Architecture
This page describes RSConstruct’s internal design for contributors and those interested in how the tool works.
Core concepts
Processors
Processors implement the ProductDiscovery trait. Each processor:
- Auto-detects whether it is relevant for the current project
- Scans the project for source files matching its conventions
- Creates products describing what to build
- Executes the build for each product
Run rsconstruct processors list to see all available processors and their auto-detection results.
Auto-detection
Every processor implements auto_detect(), which returns true if the processor appears relevant for the current project based on filesystem heuristics.
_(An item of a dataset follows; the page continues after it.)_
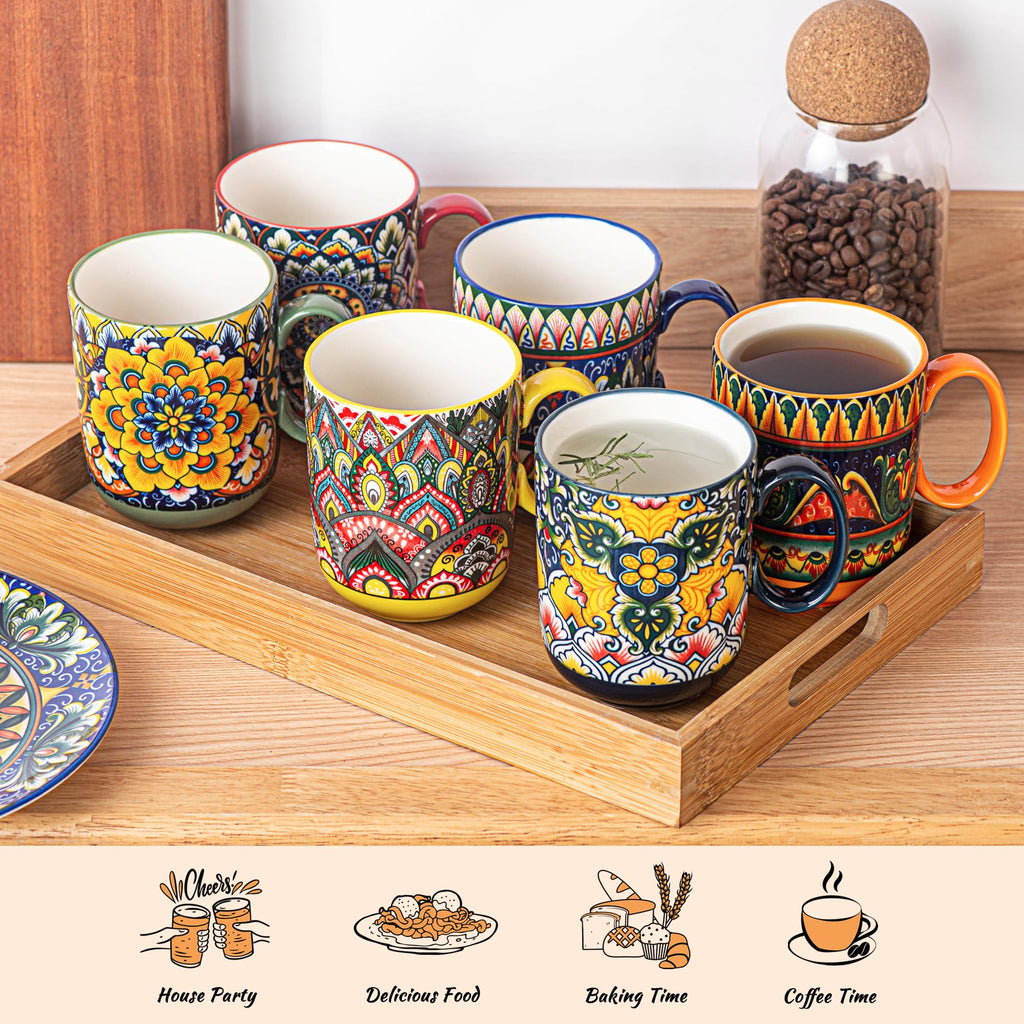 Henten Home Ceamic Coffee Mug Set of 6, 14 oz Colorful Latte Cup with Handle, Boho Floral Mug for Hot Cocoa, Milk, Tea, Chocolate, Microwave & Dishwasher Safe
This allows RSConstruct to guess which processors a project needs without requiring manual configuration.
The ProductDiscovery trait requires four methods:
| Method | Purpose |
|---|---|
auto_detect(file_index) | Return true if the project looks like it needs this processor |
discover(graph, file_index) | Query the file index and add products to the build graph |
execute(product) | Build a single product |
clean(product) | Remove a product’s outputs |
Both auto_detect and discover receive a &FileIndex — a pre-built index of all non-ignored files in the project (see File indexing below).
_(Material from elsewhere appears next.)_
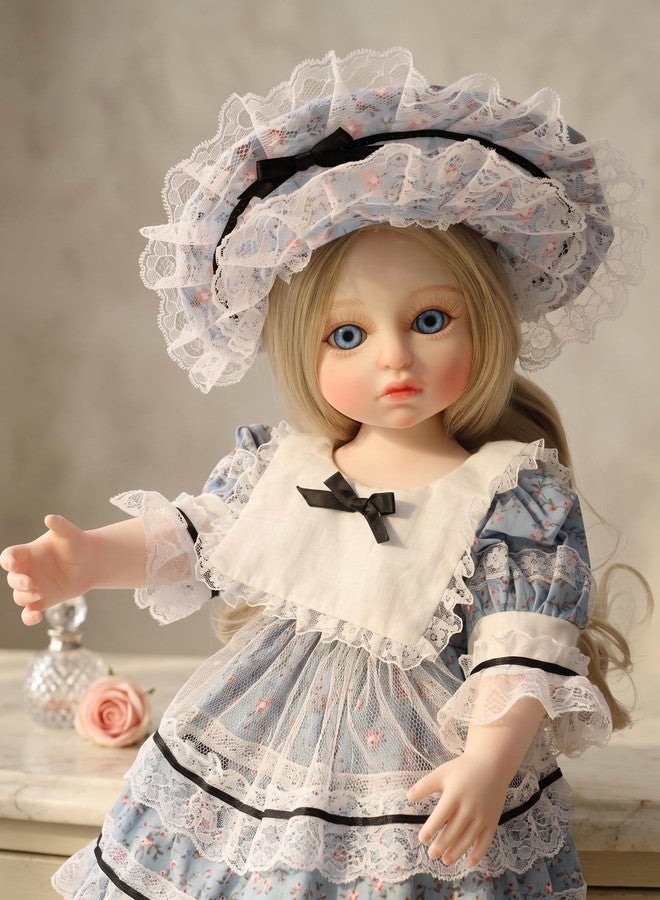 Cloveray Hand-Painted Vinyl Doll – 16-Inch Designer Collectible Doll with Curls, Victorian Lace Dress – Handmade Realistic Art Doll for Display or Gift (Grey) - Image 1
Detection heuristics per processor:
| Processor | Type | Detected when |
|---|---|---|
tera | Generator | templates/ directory contains files matching configured extensions |
ruff | Checker | Project contains .py files |
pylint | Checker | Project contains .py files |
mypy | Checker | Project contains .py files |
pyrefly | Checker | Project contains .py files |
cc_single_file | Generator | Configured source directory contains .c or .cc files |
cppcheck | Checker | Configured source directory contains .c or .cc files |
clang_tidy | Checker | Configured source directory contains .c or .cc files |
shellcheck | Checker | Project contains .sh or .bash files |
spellcheck | Checker | Project contains files matching configured extensions (e.g., .md) |
aspell | Checker | Project contains .md files |
ascii_check | Checker | Project contains .md files |
rumdl | Checker | Project contains .md files |
mdl | Checker | Project contains .md files |
markdownlint | Checker | Project contains .md files |
make | Checker | Project contains Makefile files |
cargo | Mass Generator | Project contains Cargo.toml files |
sphinx | Mass Generator | Project contains conf.py files |
mdbook | Mass Generator | Project contains book.toml files |
yamllint | Checker | Project contains .yml or .yaml files |
jq | Checker | Project contains .json files |
jsonlint | Checker | Project contains .json files |
json_schema | Checker | Project contains .json files |
taplo | Checker | Project contains .toml files |
pip | Mass Generator | Project contains requirements.txt files |
npm | Mass Generator | Project contains package.json files |
gem | Mass Generator | Project contains Gemfile files |
pandoc | Generator | Project contains .md files |
markdown | Generator | Project contains .md files |
marp | Generator | Project contains .md files |
mermaid | Generator | Project contains .mmd files |
drawio | Generator | Project contains .drawio files |
a2x | Generator | Project contains .txt (AsciiDoc) files |
pdflatex | Generator | Project contains .tex files |
libreoffice | Generator | Project contains .odp files |
pdfunite | Generator | Source directory contains subdirectories with PDF-source files |
tags | Generator | Project contains .md files with YAML frontmatter |
Run rsconstruct processors list to see the auto-detection results for the current project.
Products
A product represents a single build unit with:
- Inputs — source files that the product depends on
- Outputs — files that the product generates
- Output directory (optional) — for mass generators, the directory whose entire contents are cached and restored as a unit
BuildGraph
The BuildGraph manages dependencies between products. It performs a topological sort to determine the correct build order, ensuring that dependencies are built before the products that depend on them.
Executor
The executor runs products in dependency order. It supports:
- Sequential execution (default)
- Parallel execution of independent products (with
-jflag) - Dry-run mode (show what would be built)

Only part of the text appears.